8. Which among the following is terms is commonly not assciated with Budgets in India?
[A] Outcome Budget
[B] Gender Budget
[C] Austerity Budget
[D] Gross Budgetary Support
Show Answer
Correct Answer: C [Austerity Budget]
Notes:
The term “Austerity Budget” is commonly not associated with budgets in India. While India has implemented various budget types, such as Outcome Budgets (which focus on results and accountability) and Gender Budgets (which aim to address gender disparities), “Austerity Budget” is less prevalent. Austerity measures are typically associated with economic crises and are not a standard budget classification in India.

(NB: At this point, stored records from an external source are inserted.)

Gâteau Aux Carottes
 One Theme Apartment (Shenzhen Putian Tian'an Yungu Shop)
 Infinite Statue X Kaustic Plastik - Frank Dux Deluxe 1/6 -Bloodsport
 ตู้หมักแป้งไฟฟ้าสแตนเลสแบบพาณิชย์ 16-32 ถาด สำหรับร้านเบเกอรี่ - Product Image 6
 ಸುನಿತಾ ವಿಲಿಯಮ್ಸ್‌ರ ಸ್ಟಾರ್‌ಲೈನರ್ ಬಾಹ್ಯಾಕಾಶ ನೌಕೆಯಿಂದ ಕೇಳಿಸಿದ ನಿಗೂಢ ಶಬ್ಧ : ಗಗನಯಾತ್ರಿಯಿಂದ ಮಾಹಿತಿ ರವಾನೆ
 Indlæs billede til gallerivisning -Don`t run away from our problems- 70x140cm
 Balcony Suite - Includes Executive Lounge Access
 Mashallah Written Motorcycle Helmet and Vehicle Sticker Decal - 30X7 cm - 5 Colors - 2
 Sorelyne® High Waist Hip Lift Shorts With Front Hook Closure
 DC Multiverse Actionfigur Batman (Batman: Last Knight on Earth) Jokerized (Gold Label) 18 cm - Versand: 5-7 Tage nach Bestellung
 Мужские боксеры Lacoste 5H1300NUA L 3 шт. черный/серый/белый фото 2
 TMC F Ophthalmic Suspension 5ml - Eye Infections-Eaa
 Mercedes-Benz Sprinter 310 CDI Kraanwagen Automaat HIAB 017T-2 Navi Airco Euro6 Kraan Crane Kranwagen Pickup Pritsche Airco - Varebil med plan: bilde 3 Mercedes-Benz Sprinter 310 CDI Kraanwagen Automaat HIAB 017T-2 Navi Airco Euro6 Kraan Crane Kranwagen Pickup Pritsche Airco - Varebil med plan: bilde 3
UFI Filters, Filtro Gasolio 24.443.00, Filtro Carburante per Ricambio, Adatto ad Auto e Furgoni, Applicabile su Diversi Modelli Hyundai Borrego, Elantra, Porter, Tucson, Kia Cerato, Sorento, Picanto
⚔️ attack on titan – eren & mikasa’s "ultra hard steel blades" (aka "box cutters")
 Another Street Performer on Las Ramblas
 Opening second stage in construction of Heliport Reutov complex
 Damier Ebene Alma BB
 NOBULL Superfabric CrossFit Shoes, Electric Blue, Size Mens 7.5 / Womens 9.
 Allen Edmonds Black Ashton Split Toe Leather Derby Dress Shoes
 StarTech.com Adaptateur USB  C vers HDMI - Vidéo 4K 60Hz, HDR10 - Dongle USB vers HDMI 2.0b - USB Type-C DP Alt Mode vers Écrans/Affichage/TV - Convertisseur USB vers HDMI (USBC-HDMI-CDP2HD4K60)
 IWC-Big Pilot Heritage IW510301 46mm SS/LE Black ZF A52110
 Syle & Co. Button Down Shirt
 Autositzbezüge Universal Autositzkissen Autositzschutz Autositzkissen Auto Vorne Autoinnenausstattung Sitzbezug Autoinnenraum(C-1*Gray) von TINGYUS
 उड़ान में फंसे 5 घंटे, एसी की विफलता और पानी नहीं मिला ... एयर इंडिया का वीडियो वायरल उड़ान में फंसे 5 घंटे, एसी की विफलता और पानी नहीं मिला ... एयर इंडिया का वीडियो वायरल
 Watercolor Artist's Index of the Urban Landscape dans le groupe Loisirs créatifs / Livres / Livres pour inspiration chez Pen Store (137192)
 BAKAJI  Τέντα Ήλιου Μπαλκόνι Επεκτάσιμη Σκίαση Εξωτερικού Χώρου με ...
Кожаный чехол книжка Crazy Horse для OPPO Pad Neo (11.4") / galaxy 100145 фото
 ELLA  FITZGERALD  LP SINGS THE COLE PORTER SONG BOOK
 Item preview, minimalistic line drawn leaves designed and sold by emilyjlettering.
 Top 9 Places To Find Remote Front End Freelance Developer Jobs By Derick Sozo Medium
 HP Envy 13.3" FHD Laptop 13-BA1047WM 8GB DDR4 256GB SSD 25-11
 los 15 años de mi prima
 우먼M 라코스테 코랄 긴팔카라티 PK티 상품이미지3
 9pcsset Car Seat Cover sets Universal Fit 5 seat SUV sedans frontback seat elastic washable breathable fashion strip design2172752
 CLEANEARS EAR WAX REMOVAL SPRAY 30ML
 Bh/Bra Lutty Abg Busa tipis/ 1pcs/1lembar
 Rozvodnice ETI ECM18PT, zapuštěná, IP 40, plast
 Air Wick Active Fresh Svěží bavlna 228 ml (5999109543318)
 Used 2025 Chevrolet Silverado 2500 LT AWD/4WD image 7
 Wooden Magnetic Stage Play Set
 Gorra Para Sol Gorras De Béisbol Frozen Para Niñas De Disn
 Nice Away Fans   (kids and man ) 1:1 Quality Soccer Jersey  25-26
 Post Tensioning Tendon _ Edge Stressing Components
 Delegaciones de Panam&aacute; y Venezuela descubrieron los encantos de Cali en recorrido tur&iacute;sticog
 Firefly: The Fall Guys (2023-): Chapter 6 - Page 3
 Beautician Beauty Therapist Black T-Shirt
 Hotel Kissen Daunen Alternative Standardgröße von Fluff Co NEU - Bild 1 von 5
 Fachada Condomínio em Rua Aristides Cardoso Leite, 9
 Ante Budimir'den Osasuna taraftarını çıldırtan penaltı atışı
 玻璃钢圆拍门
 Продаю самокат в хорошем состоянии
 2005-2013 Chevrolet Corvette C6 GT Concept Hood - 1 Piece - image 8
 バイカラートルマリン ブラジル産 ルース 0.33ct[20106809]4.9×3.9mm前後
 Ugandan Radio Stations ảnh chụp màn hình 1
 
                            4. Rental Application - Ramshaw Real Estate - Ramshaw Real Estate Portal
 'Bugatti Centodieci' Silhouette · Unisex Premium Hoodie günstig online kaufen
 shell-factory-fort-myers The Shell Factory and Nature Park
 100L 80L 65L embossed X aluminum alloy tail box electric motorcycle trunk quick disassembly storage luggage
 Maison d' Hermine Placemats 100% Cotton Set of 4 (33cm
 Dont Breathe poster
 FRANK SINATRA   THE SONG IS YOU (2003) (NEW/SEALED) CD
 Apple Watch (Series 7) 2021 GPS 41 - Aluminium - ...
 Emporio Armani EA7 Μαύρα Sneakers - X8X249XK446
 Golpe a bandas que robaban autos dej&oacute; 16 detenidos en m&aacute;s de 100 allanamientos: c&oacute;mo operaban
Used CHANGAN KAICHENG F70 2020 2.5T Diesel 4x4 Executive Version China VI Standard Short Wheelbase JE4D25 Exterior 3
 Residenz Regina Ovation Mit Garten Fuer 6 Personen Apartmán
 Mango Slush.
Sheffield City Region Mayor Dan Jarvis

The Gross Budgetary Support refers to the total allocation for government programs and is a recognized term.
9. Which among the following bodies regulated the cooperative banks in India?
[A] Reserve Bank of India
[B] Small Industries Development Bank of India
[C] National Bank for Agriculture and Rural Development
[D] National Cooperative Union of India
Show Answer
Correct Answer: A [ Reserve Bank of India ]
Notes:
As per the Cooperative Societies Act, Reserve Bank of India (RBI) regulates the cooperative banks and these are governed by the Banking Regulations Act, 1949 and the Banking Laws (Cooperative Societies) Act, 1965.
10. The expenditure done by the government on the MGNREGA scheme comes under the:
1. Revenue expenditure
2. Capital Expenditure
3. Planned Expenditure
4. Non Planned expenditure
Choose the correct option from the codes given below:
[A] Only 1 & 3
[B] Only 1, 2 & 3
[C] Only 1 & 4
[D] Only 1, 2 & 4
Show Answer
Correct Answer: B [ Only 1, 2 & 3 ]
Notes:
There are two different sets of classifications ‘revenue vs capital expenditure’ and ‘ plan vs non-plan.’
In general, expenditure used to create assets (building a road for instance) is capital expenditure while revenue expenditure consists of expenses such as salaries and other administrative costs. Plan expenditure covers money spent on schemes or projects run by different ministries under the five-year plans.
Schemes Such as the MG National Rural Employment Guarantee Scheme can have both revenue and capital components. For instance, the administrative costs of a plan scheme could be classified as revenue expenditure while the expenditure on the scheme itself (e.g. building a village road) might be capital expenditure. Non-plan expenditure consists of any expenditure by the government not covered by the five year plans. These include interest payments on government debt and expenditure on organs of the state such as the judiciary and the police.